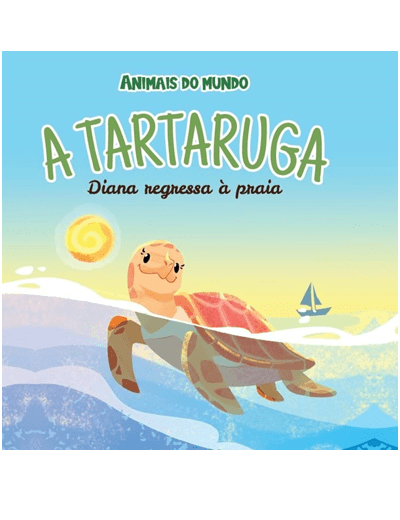 Vol. 21 A Tartaruga Diana regressa à praia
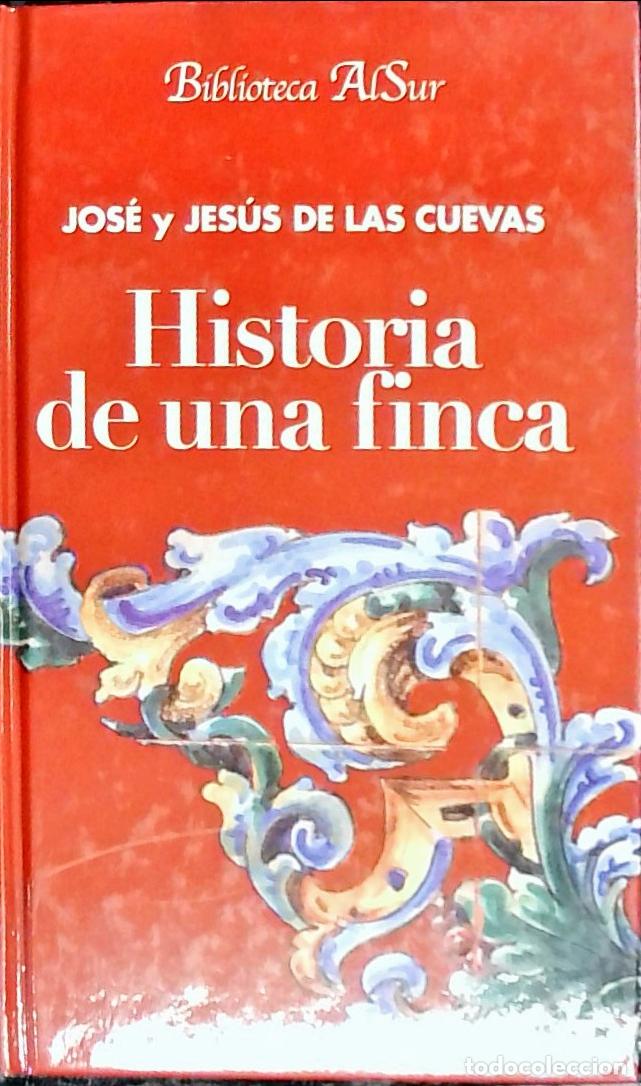 B&uuml;cher: Historia de una finca - CUEVAS, Jos&eacute; y Jes&uacute;s de las:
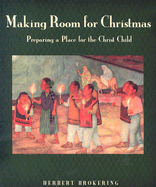 Making Room for Christmas: Preparing a Place for the Christ Child
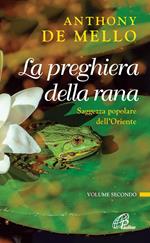 La preghiera della rana. Saggezza popolare dell'Oriente. Vol. 2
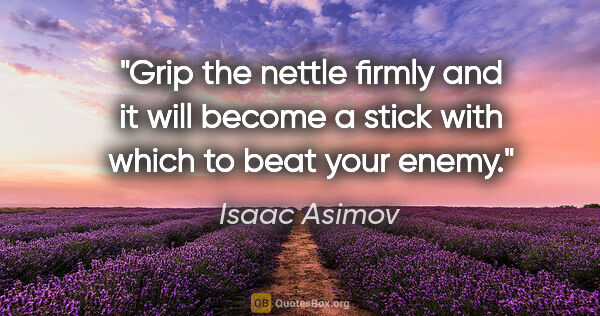 Isaac Asimov quote: "Grip the nettle firmly and it will become a stick with which..."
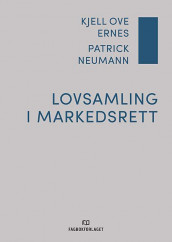 Lovsamling i markedsrett av Kjell Ove Ernes og Patrick Neumann (Ebok)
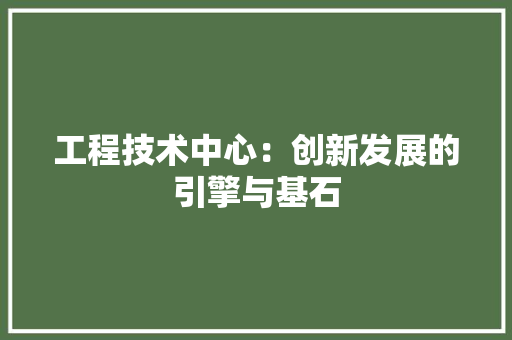 工程技术中心：创新发展的引擎与基石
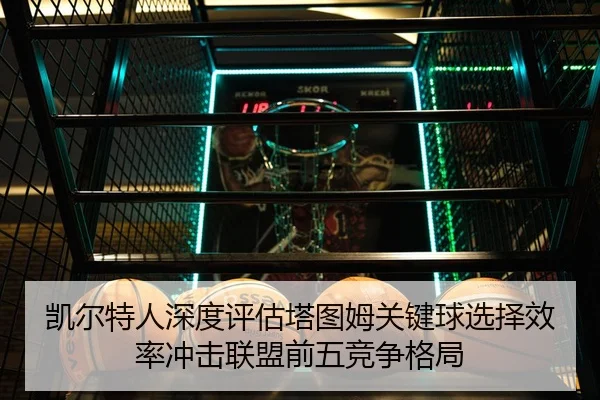 凯尔特人深度评估塔图姆关键球选择效率冲击联盟前五竞争格局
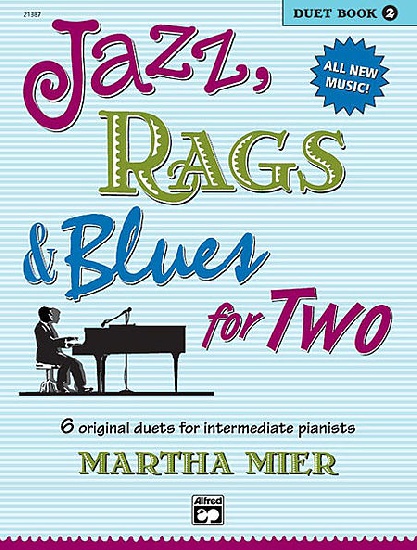 Mier, Martha : Jazz, Rags and Blues For Two - Book 2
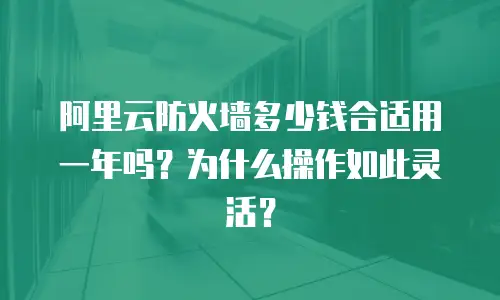 阿里云防火墙多少钱合适用一年吗？为什么操作如此灵活？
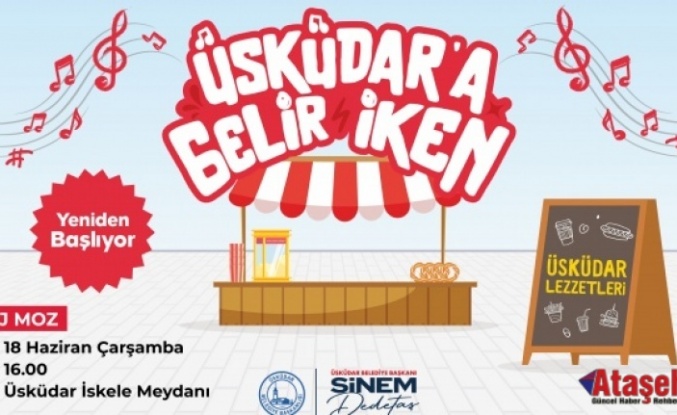 "Üsküdar'a gelir iken" yeniden başlıyor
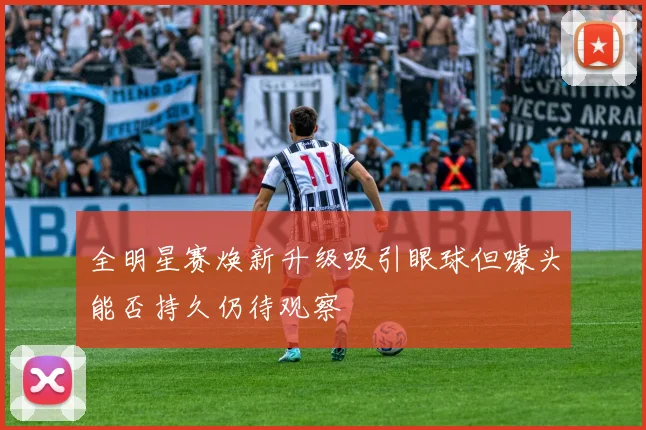 全明星赛焕新升级吸引眼球但噱头能否持久仍待观察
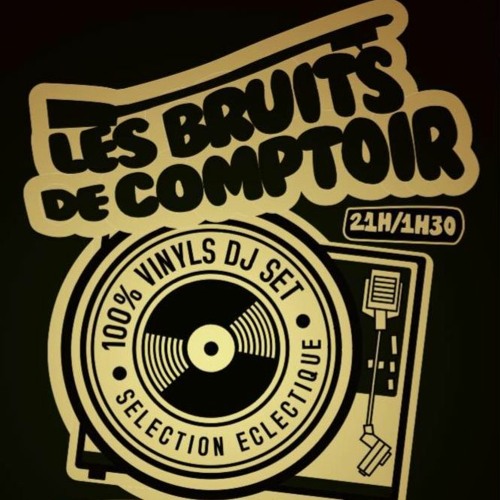 Les Bruits De Comptoir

■ ■ ■ ■ ■

Images do not belong in the copy; reproduce all other parts of the records above verbatim.

 Vol. 21 A Tartaruga Diana regressa à praia
 B&uuml;cher: Historia de una finca - CUEVAS, Jos&eacute; y Jes&uacute;s de las:
 Making Room for Christmas: Preparing a Place for the Christ Child
 La preghiera della rana. Saggezza popolare dell'Oriente. Vol. 2
 Isaac Asimov quote: "Grip the nettle firmly and it will become a stick with which..."
 Lovsamling i markedsrett av Kjell Ove Ernes og Patrick Neumann (Ebok)
 工程技术中心：创新发展的引擎与基石
 凯尔特人深度评估塔图姆关键球选择效率冲击联盟前五竞争格局
 Mier, Martha : Jazz, Rags and Blues For Two - Book 2
 阿里云防火墙多少钱合适用一年吗？为什么操作如此灵活？
 "Üsküdar'a gelir iken" yeniden başlıyor
 全明星赛焕新升级吸引眼球但噱头能否持久仍待观察
 Les Bruits De Comptoir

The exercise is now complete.